• _Data supplied_
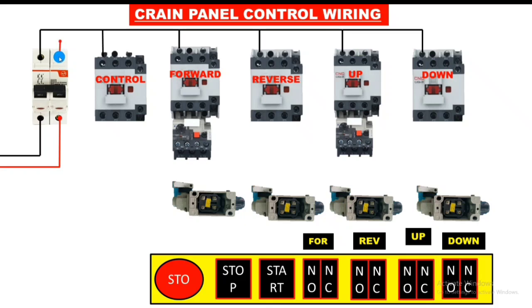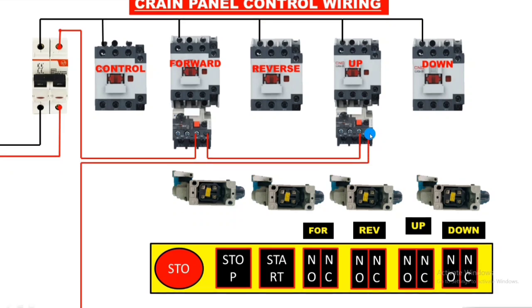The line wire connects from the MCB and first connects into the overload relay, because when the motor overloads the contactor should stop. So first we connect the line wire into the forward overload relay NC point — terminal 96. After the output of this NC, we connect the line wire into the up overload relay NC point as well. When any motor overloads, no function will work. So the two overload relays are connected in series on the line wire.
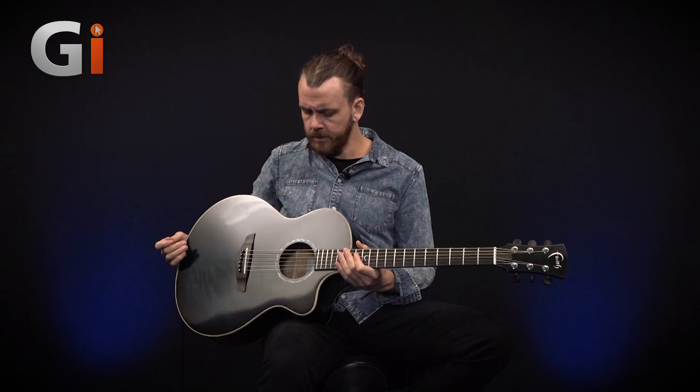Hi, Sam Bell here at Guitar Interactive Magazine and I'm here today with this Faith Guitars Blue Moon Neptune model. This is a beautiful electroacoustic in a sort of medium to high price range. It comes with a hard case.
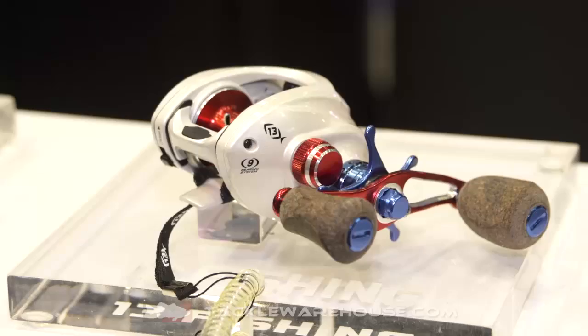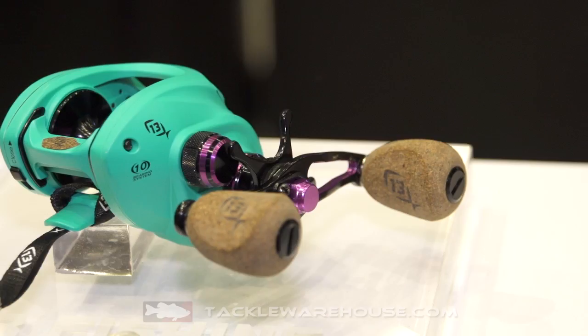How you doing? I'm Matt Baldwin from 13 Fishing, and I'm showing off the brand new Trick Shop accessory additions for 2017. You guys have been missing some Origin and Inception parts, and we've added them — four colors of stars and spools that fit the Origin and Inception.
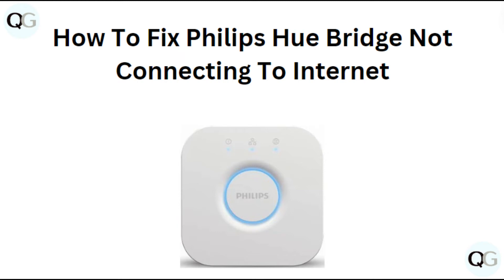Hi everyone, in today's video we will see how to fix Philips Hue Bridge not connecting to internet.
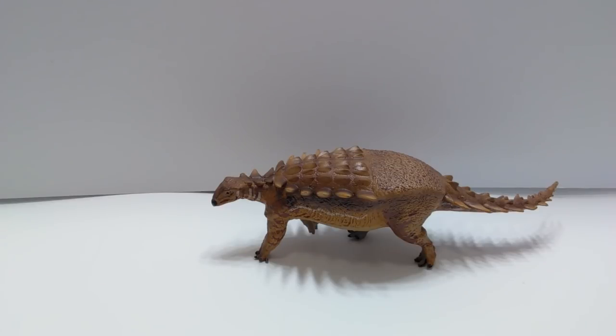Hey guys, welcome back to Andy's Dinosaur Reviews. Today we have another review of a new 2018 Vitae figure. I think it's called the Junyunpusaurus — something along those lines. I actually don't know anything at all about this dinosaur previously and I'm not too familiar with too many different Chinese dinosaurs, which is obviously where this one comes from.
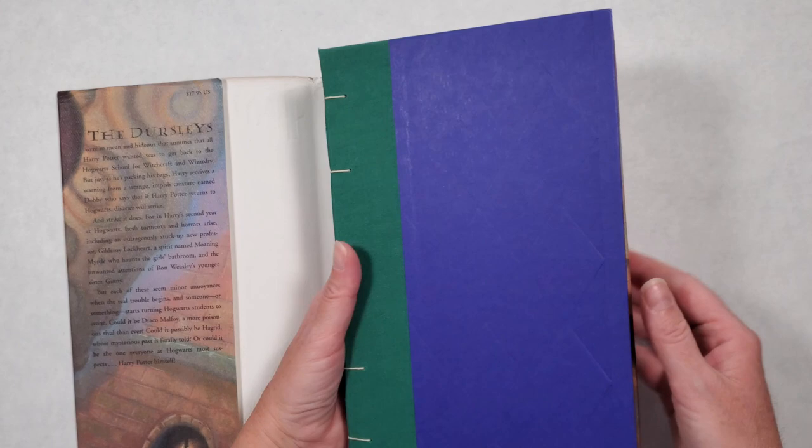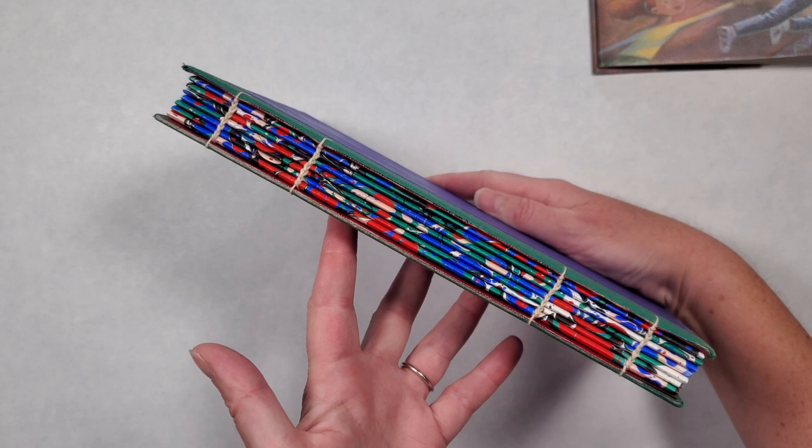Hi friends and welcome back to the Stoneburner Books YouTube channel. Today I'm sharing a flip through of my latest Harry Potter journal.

• _Exercise_
What you print must match the entries exactly, except that no pictures appear.

• _Expected answer_
The line wire connects from the MCB and first connects into the overload relay, because when the motor overloads the contactor should stop. So first we connect the line wire into the forward overload relay NC point — terminal 96. After the output of this NC, we connect the line wire into the up overload relay NC point as well. When any motor overloads, no function will work. So the two overload relays are connected in series on the line wire.
Hi, Sam Bell here at Guitar Interactive Magazine and I'm here today with this Faith Guitars Blue Moon Neptune model. This is a beautiful electroacoustic in a sort of medium to high price range. It comes with a hard case.
How you doing? I'm Matt Baldwin from 13 Fishing, and I'm showing off the brand new Trick Shop accessory additions for 2017. You guys have been missing some Origin and Inception parts, and we've added them — four colors of stars and spools that fit the Origin and Inception.
Hi everyone, in today's video we will see how to fix Philips Hue Bridge not connecting to internet.
Hey guys, welcome back to Andy's Dinosaur Reviews. Today we have another review of a new 2018 Vitae figure. I think it's called the Junyunpusaurus — something along those lines. I actually don't know anything at all about this dinosaur previously and I'm not too familiar with too many different Chinese dinosaurs, which is obviously where this one comes from.
Hi friends and welcome back to the Stoneburner Books YouTube channel. Today I'm sharing a flip through of my latest Harry Potter journal.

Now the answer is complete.